(Available records Opens)

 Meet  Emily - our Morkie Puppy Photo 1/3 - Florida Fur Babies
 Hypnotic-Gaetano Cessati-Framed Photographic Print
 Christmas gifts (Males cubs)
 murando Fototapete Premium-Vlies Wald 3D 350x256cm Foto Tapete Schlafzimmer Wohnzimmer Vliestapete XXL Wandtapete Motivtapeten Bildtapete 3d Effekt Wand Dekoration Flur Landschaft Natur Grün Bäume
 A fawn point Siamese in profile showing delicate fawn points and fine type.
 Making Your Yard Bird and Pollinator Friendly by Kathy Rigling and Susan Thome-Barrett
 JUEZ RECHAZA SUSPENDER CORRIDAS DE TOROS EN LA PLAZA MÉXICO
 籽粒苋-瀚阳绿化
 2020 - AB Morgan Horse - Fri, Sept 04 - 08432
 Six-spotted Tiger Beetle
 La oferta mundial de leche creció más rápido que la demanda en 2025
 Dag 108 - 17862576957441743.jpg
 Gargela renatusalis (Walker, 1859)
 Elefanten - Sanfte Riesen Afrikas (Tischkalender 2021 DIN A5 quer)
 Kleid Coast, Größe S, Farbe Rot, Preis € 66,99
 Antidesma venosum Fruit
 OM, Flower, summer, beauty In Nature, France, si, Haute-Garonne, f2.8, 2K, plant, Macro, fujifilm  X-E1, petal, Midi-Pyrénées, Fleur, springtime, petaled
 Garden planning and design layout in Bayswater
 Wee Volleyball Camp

(Available records Closes)

• **Work to be completed**: Output nothing but the lines from the one that contains "Six-spotted Tiger Beetle" through the final line of the entries above, exactly as they appear.

• **Exercise answer**:
 Six-spotted Tiger Beetle
 La oferta mundial de leche creció más rápido que la demanda en 2025
 Dag 108 - 17862576957441743.jpg
 Gargela renatusalis (Walker, 1859)
 Elefanten - Sanfte Riesen Afrikas (Tischkalender 2021 DIN A5 quer)
 Kleid Coast, Größe S, Farbe Rot, Preis € 66,99
 Antidesma venosum Fruit
 OM, Flower, summer, beauty In Nature, France, si, Haute-Garonne, f2.8, 2K, plant, Macro, fujifilm  X-E1, petal, Midi-Pyrénées, Fleur, springtime, petaled
 Garden planning and design layout in Bayswater
 Wee Volleyball Camp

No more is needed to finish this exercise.